Perez, also pursuing disgraced President Joseph Estrada over corruption charges, vowed to abide by the President's order.
Buthe stressed his office would merely assist in the operation, while PCGG retained authority.
Arroyo had been reluctant to invlolve herself in the recovery of the Marcos wealth, saying it was the responsibility of the PCGG.
But the President changed her stance in response to criticism her government was being negligent in not recovering the Marcos bounty.
Perez is slated to meet with PCGG officials for a briefing on evidence the commission has gathered in its investigation into the Marcos' ill-gotten wealth.
While the PCGG claimed it had already asked for the evidence against Araneta from the German authorities, the German officials reportedly said that this had not yet been done.
The PCGG has long been criticized for the slow pace of its probe, and for its reliance on the response of Swiss officials who were later believed to have lied about the accounts allegedly owned by Irene.

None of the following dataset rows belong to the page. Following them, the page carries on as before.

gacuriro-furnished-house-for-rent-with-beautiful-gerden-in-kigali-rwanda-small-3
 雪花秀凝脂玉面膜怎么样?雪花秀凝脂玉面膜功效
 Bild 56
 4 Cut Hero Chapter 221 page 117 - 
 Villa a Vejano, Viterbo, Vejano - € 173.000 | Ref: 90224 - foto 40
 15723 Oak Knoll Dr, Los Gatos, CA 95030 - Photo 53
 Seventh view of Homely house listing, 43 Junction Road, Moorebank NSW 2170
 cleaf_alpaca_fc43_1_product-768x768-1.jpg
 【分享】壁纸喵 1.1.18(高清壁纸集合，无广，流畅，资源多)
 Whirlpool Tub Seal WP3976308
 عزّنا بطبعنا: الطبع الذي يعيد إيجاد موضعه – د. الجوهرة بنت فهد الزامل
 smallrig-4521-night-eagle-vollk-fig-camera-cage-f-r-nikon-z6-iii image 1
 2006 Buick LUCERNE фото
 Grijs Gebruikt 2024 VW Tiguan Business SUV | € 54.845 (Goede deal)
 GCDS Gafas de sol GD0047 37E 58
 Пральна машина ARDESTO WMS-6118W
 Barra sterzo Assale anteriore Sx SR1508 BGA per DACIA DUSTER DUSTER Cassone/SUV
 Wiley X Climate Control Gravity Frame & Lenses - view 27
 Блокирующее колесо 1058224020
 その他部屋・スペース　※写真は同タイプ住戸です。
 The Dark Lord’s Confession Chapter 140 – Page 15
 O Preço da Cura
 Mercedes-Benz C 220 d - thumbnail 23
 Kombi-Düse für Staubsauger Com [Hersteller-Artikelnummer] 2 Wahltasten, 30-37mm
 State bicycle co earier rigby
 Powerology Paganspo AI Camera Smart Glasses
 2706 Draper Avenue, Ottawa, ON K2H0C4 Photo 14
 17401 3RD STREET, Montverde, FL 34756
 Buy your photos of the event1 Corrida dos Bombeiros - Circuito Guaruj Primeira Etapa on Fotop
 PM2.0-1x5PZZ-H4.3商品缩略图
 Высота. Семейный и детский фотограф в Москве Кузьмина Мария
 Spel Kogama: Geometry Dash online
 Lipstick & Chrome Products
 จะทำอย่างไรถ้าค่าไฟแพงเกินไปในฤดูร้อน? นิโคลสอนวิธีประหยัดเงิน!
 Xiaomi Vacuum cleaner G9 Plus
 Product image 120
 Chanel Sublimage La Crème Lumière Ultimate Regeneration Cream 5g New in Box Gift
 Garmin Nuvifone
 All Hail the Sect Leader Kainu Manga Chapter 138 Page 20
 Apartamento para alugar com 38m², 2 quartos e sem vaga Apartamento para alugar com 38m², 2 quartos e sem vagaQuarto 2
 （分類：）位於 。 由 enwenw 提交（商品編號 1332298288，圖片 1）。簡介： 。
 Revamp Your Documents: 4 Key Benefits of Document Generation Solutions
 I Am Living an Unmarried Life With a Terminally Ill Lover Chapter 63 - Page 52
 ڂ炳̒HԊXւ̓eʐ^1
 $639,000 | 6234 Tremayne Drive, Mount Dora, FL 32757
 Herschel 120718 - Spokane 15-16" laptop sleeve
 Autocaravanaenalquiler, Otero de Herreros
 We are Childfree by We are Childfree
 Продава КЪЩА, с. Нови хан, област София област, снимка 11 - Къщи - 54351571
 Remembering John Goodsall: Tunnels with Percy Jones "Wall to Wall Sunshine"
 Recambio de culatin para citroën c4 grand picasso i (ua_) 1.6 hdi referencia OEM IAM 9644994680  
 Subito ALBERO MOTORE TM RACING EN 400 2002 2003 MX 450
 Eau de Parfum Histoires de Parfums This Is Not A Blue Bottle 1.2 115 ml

Cory Aquino's government formed the PCGG after the fall of Marcos1986.
Its prime objective was the sequestration of the ill-gotten assets of Marcos, his relatives and cronies, and to preserve and maintain these until their final litigation.
The Justice secretary said he would also try to find out why the PCGG was not using information gathered by Australian fortune hunter Reiner Jacobi, who has been a PCGG agent since 1989.
Jacobi, who has been helping the government pursue the Marcos loot reportedly stashed away in several banks in Europe, has been denounced by the Philippine government, and at one point was barred from entering the country.
But lawmaker Rep. Loretta Rosales said assigning the Justice department to recovering the money was unwise, as it was already handling 10 corruption charges against Estrada, a well-known Marcos ally.
Rosales represents a group of martial law victims who have won a $2.3-billion civil suit against Marcos and his heirs.
The Marcos family, however, have refused to pay off the victims, claiming that they could not come up with the money.
They urged the government instead to make use of a $700-million account it holds escrow to compensate the claimants.
The late dictator Ferdinand Marcos was the first president to be toppled by a bloodless people power revolt in 1996. He was forced into exile in Hawaii where he died.
His presidency was smeared with reports of human rights violations, and wide-scale corruption. His wife, Imelda, was well-know for her extravagance, owning several huge mansions in the Philippines and, imfamously, more than two-thousand pairs of shoes.